Violetta ouvrit les yeux, les posa, timides et craintifs, sur le bourreau… Ce fut une seconde indescriptible, où l’on n’eût pu entendre que le souffle tragique du colosse agenouillé. Les yeux de l’enfant, soudain, s’emplirent de lumière… Elle tendit vaguement les bras, comme jadis, au pied du gibet, et avec un infini ravissement, murmura:

– Mon père!… Mon bon petit papa Claude!…

Claude jeta une déchirante clameur qui fit trembler les parois de la chambre.

– Seigneur Dieu! c’est elle! c’est mon enfant!…

Il se redressa et recula, comme si la joie furieuse et le doute encore l’eussent enveloppé d’un tourbillon. Ses mains énormes, secouées d’un tremblement convulsif, se tendaient vers elle, puis se reculaient vivement. Il n’osait la toucher! Il riait et pleurait. Et il grommelait:

– Comment, comment! C’est mon enfant?… Je ne suis pas fou?… Oh!… Est-ce bien toi?…

L’enfant sourit divinement:

– C’est moi, père!… C’est moi!

Puis il se rapprocha tout d’un coup. Alors, avec une sorte de rudesse, il empoigna la jeune fille dans ses bras puissants, la souleva comme une plume, l’emporta dans l’angle le plus éloigné de la trappe fatale, s’assit sur le plancher, et la mit sur ses genoux.

Il pleurait à grosses larmes; ses lèvres barbouillées de pleurs, tremblotantes, bégayaient des choses incompréhensibles, et il y avait sur son visage monstrueux une irradiation de bonheur inouï, de prodigieux étonnement et de suprême extase… Violetta souriait et répétait:

– Mon père… mon bon père Claude… c’est vous… c’est bien vous… mon père…

Et quand elle put comprendre quelques mots de ce qu’il balbutiait, elle l’entendit qui disait:

– Oui… c’est ça… appelle-moi encore ainsi… encore… que j’entende ta voix… comme tu es belle!… mets-moi ton bras autour du cou… tu sais bien… Ah çà! que s’est-il passé? Non, tais-toi, tu me diras ça plus tard… Dire que c’est toi!… Je ne rêve pas, dis!… C’est toi! Ce sont bien toujours tes chers yeux… tes beaux cheveux… mon enfant… ma vie… ma Violetta… Dire que ce que je tiens là dans mes bras… c’est mon enfant!…

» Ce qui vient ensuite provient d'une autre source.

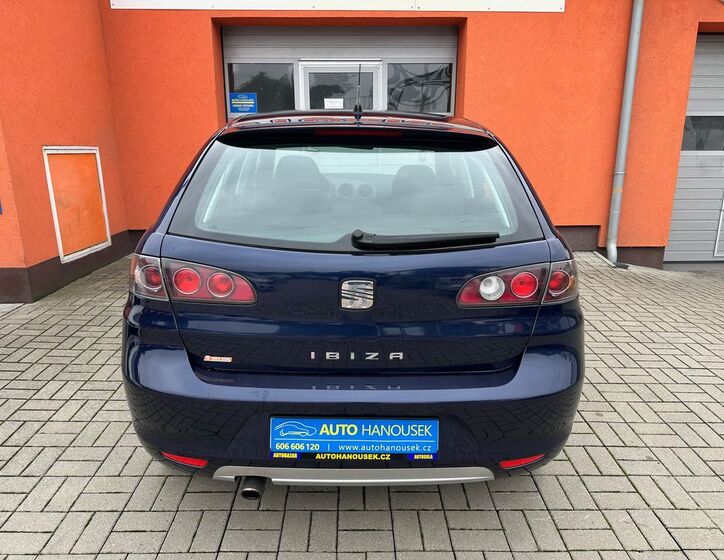 Seat Ibiza 6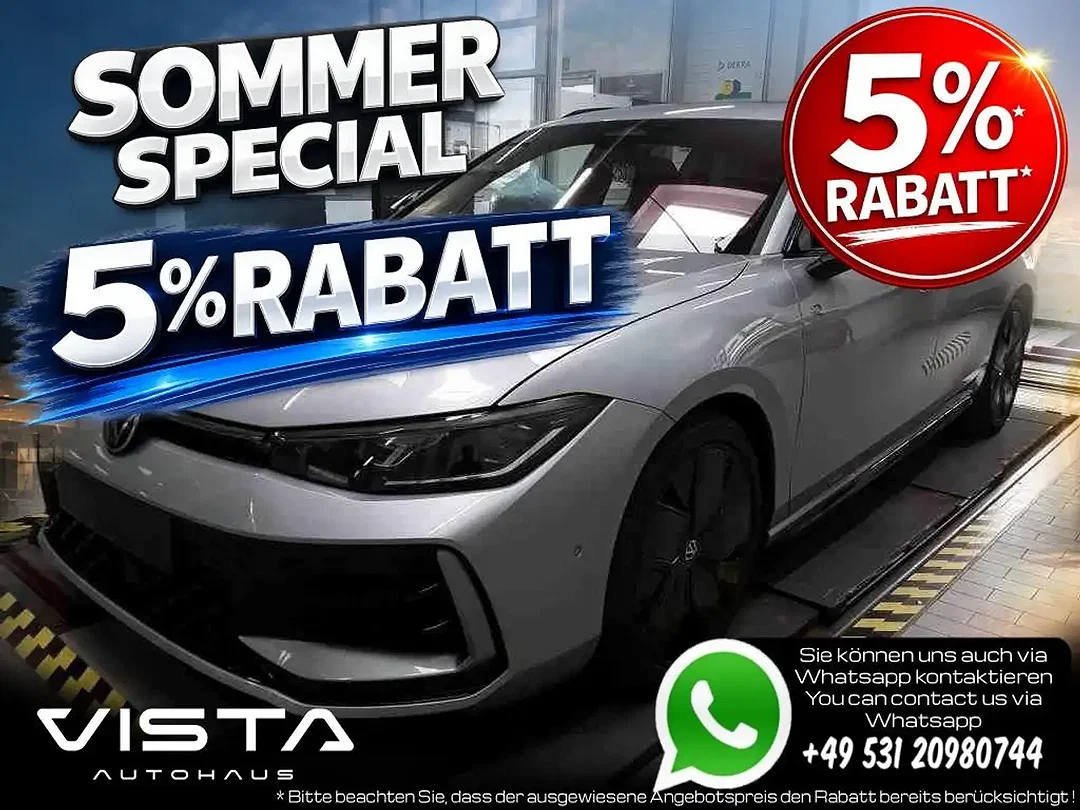 Volkswagen Passat Variant - Afbeelding 1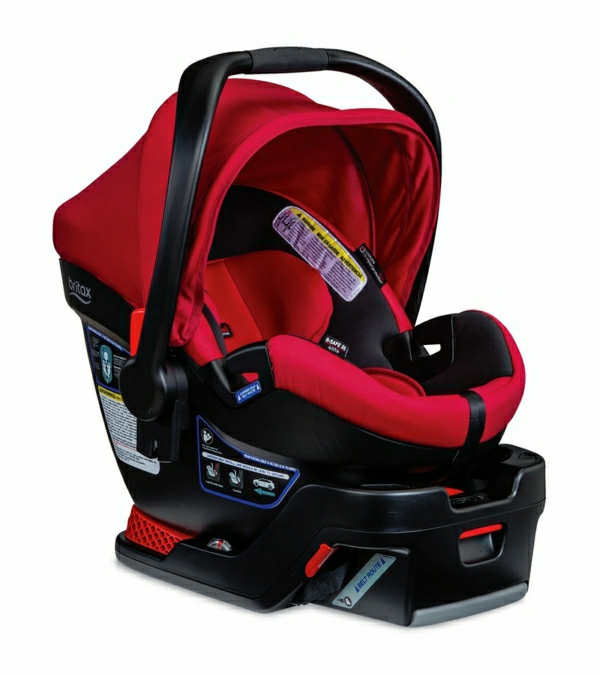 κόκκινο αυτοκίνητο κάθισμα-baby-αυτοκίνητο κάθισμα μωρού-παιδιά-car φλιτζάνια του καθίσματος του μωρού
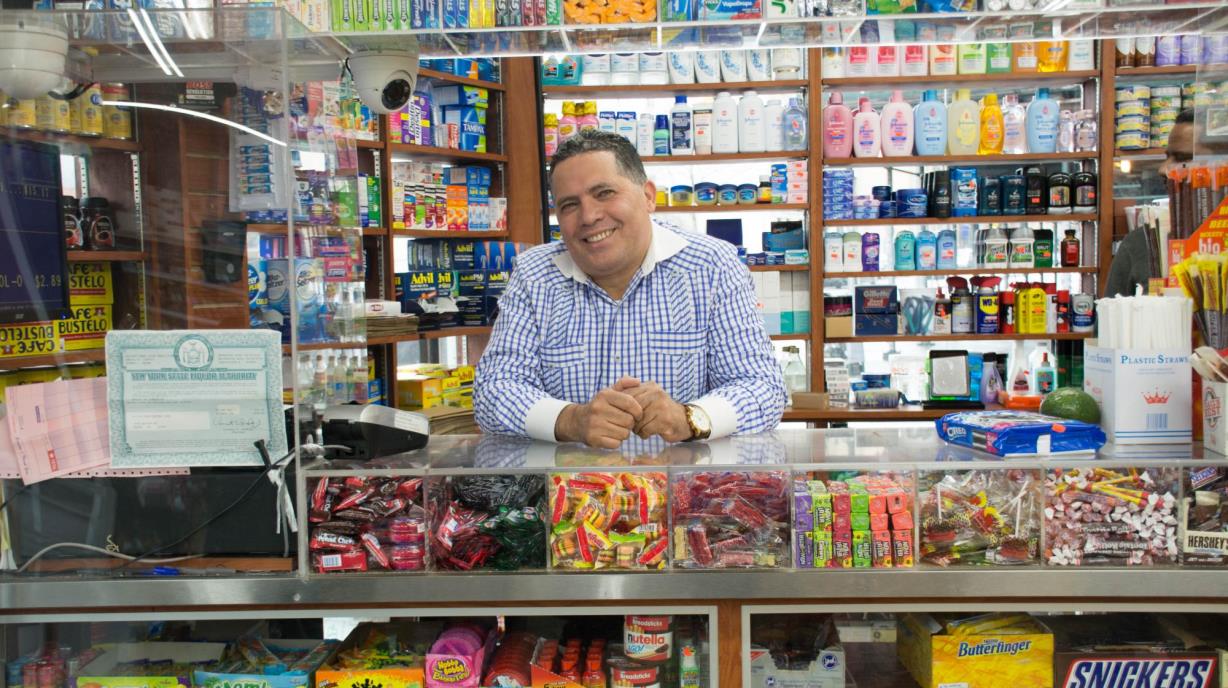 Radhamés Rodríguez, de bodeguero a empresario exitoso en Nueva York - Diario Libre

Il sanglotait, ses énormes épaules toutes secouées… il oubliait le monde, le lieu où il se trouvait, et pourquoi il y était, et ce qu’il était venu y faire…

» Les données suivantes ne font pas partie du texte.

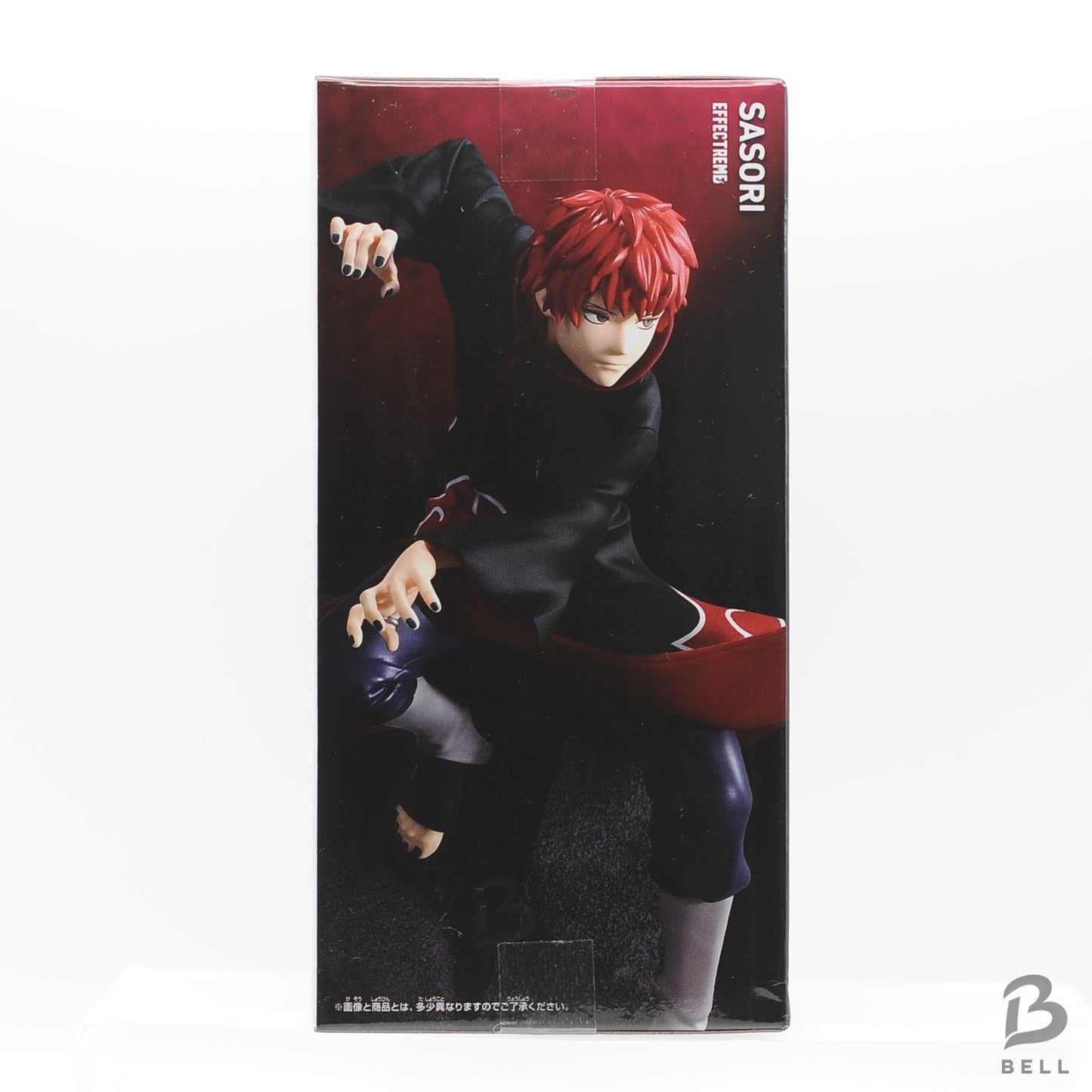 NARUTO Shippuden EFFECTREME SASORI Figure BANPRESTO New Japan anime akatsuki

– Ah çà! fit-il en riant avec délices, rentrons chez nous… Comprends-tu cela?… chez nous?…

– Dans notre bonne petite maison de Meudon…

– Non… c’est-à-dire, si fait… c’est là!… Que diable faisons-nous ici?… Viens, rentrons…

– Ici! murmura Violetta reprise par un frisson d’épouvante. Oh! Père… qu’est-ce donc, ici?…

– Ici!…

Claude jeta ce mot comme une clameur d’enfer. Son visage se convulsa Ses regards eurent des lueurs de folie. Il répéta en grelottant:

– Ici!… Nous sommes ici!…

– Père, père! quelle horrible angoisse vous saisit! Oh! j’ai peur! Qu’est-ce donc que cette maison?…

– Ce que c’est! gronda Claude qui tressaillit, passa une main sur son front et jeta autour de lui des yeux hagards. Ce que c’est!… Oh!… je me souviens!… Damnation! Fuyons… vite, fuyons!…

Il se releva d’un bond, saisit par un bras la jeune fille terrifiée par cette expression d’horreur qui éclatait soudain dans la voix de son père… À ce moment la porte s’ouvrit. Fausta parut, voilée de noir.